You may think “recognition” and “realization” are the same, but dealing with your emotions first equips you with the strength and confidence that you will manage them eventually. It’s one thing to experience your feelings with money; it’s another to realize those emotions to cope more effectively.
In short, emotional literacy about financial wellness is understanding your feelings about money and why. If that step is never accomplished, how can you expect to earn more and feel good about it? Instead, you may hoard all the money in a savings account because you “may not earn this much again.” Of course, you will.
It’s part of a simple cyclical relationship. You know what “IQ” is–your intelligence quotient. However, there is a term psychologists and counselors have embraced lately called “EQ”–your emotional quotient. Here’s the relationship:
IQ is “know-how.” EQ is “know you.” Once you understand both, you are on your way to managing money-related emotions and improving.
The final phase of emotional literacy is regulating or managing your feelings related to personal finances. In the first two phases, we have recognized your feelings and considered proper responses to them. But what if you have experienced some “financial trauma?”
Have you been laid off? Did you ever total your vehicle? Was your identity ever stolen? What about a divorce? Significant financial traumas could impede your success in managing those troubled emotions and your fractured relationship with money. How can you continue and make things happen moving forward if you can overcome what happened then to cause your setback?

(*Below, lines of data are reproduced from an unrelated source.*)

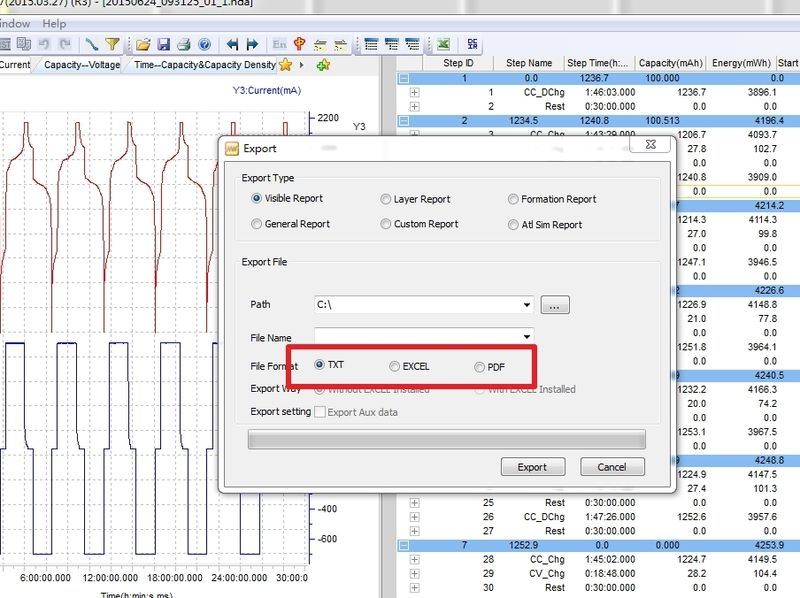 In BTSDA, the NDA data can be exported to xls, txt and pdf format.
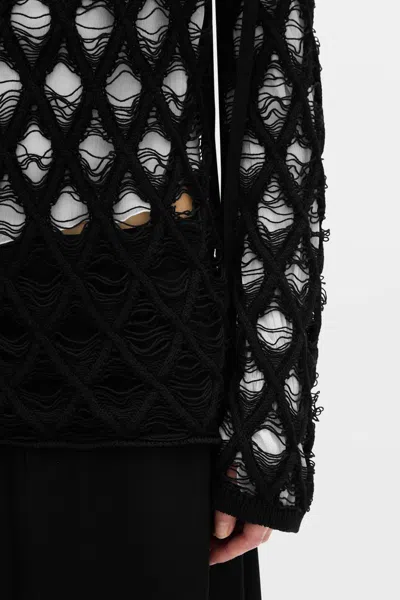 Ann Demeulemeester Izabel Diamond Stitch Sweater In Black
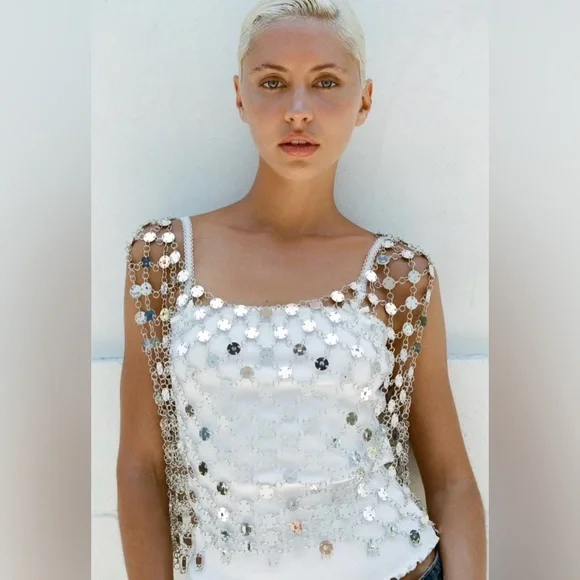 Zara Silver Beaded festival chain Top - Picture 5 of 6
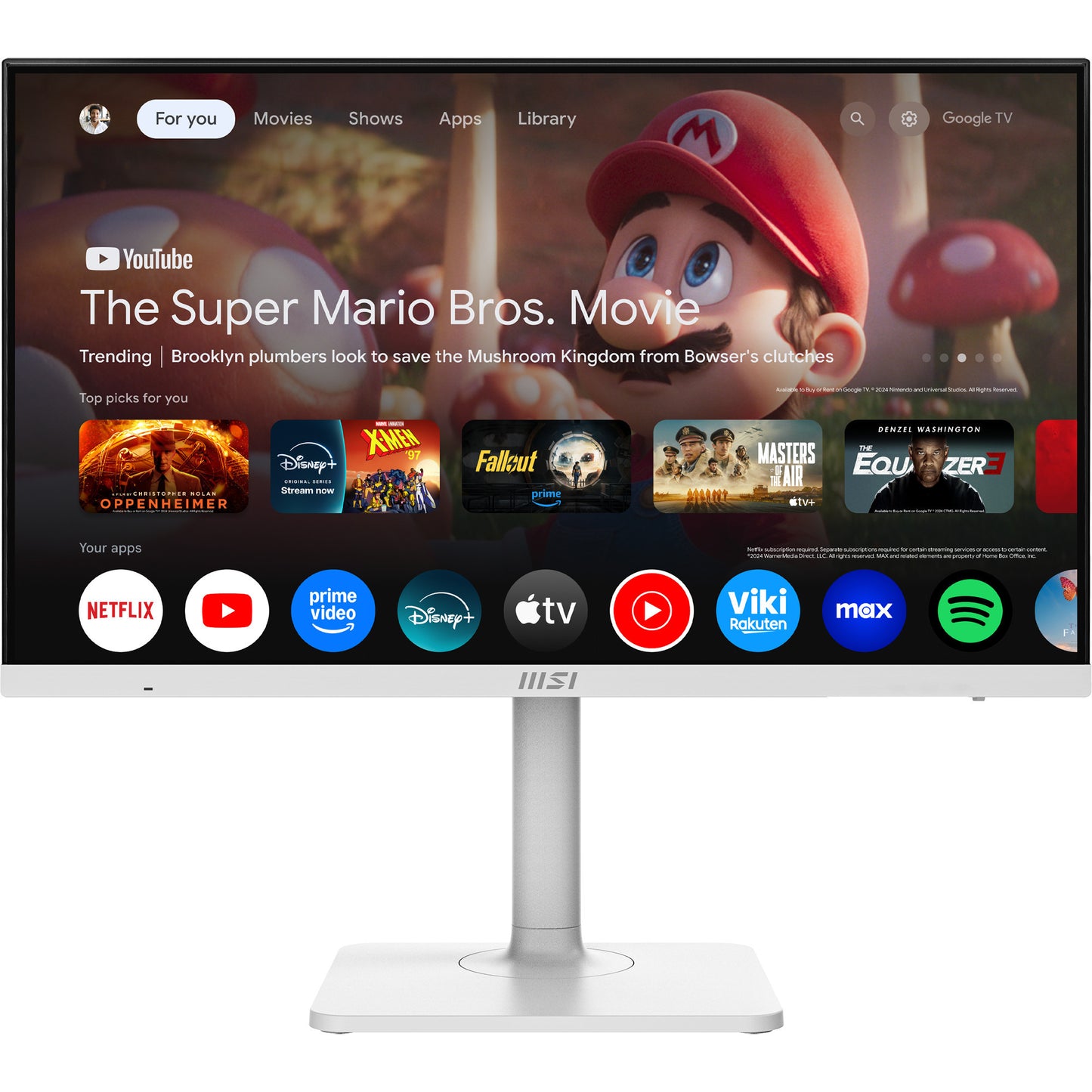 MSI modern md272upsw 27 4k uhd monitor (wit, hdmi, displayport, 2x usb-a, usb-c, wi-fi 5, bt, rj-45)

A couple of effective coping mechanisms we use for clients to overcome those feelings of stress and hopelessness are the “Box Breathing” method (or “Square Breathing”) and the 5-4-3-2-1 technique.

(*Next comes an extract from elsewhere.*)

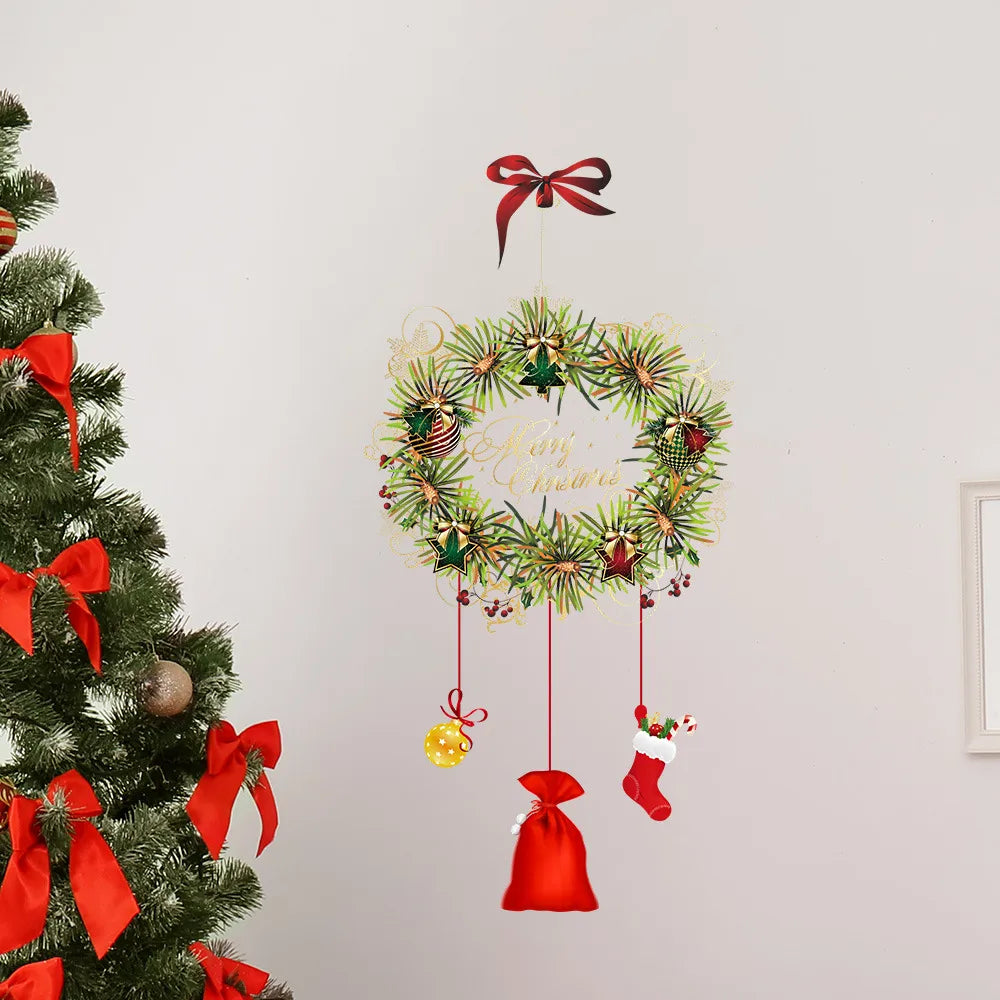 Casual Christmas Socks Wreath Bell PVC Wall Sticker Wall Art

Thanks to helpful images like this, square breathing is simple to understand. The 54321 technique is a bit of a misnomer because it’s not about counting backward. There is a method to this technique that allows you to refocus. Pay attention to what’s important to you instead of the fear and worry you’re experiencing.
It goes like this:
- Look For 5 Things You Can See: Notice the wood grain on the desk. Is there a green plant in the corner? What about a monitor on the wall or a table? It could even be a piece of clothing or your fingernails. Take your time to acknowledge what you see.
- Note 4 Things You Can Touch: Wherever you’re at, feel. Maybe it’s the leather of your car seat or the work chair mesh. Perhaps it’s the cotton shirt against your neck or denim on your legs. Whatever you can feel, try to use that sense.

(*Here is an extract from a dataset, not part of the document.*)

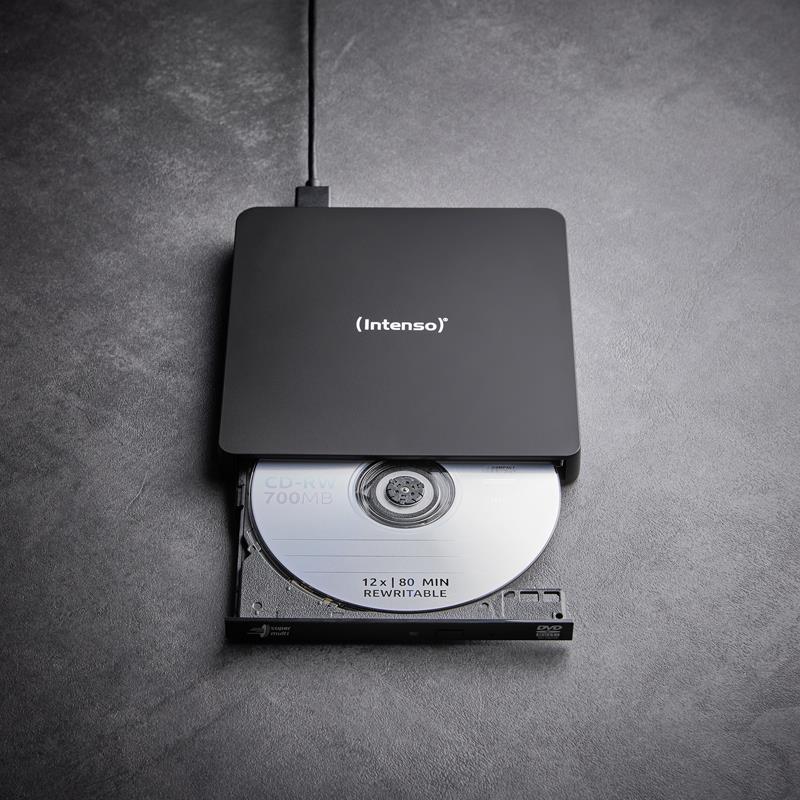 21a77dcf-4932-42dd-87cb-2c91e2de859c Išorinis DVD RW įrenginys su USB 3.2 jungtimi, matomas iš šono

- Focus on 3 Things You Can Hear: No eavesdropping, listen. Allow the sounds to fill your mind–the distant traffic, melodic keyboards typing, voices in the next room, or the space between sounds.
- Notice 2 Things You Can Smell: If you don’t smell immediately, consider the fragrance of the air (e.g., air freshener, room spray, candles) or even your skin (e.g., soap, lotion)
- Find 1 Thing You Can Taste: Is there a remnant of your breakfast, water, or coffee resting on your palette from this morning? Use that to awaken your senses.
A calm mind is an effective place to start when struggling with anxiety or stress. Our emotional literacy is the precursor of financial wellness because our feelings take over when something happens monetarily related. Money is emotional, and it’s okay to say that out loud. It’s good to remind yourself that positive feelings about your money will create favorable circumstances.
We must become better at recognizing, realizing, regulating, and restoring our feelings with money. Emotions drive decisions. Feelings rule rationale. Get those feelings in check to finally experience the debt-free life you deserve.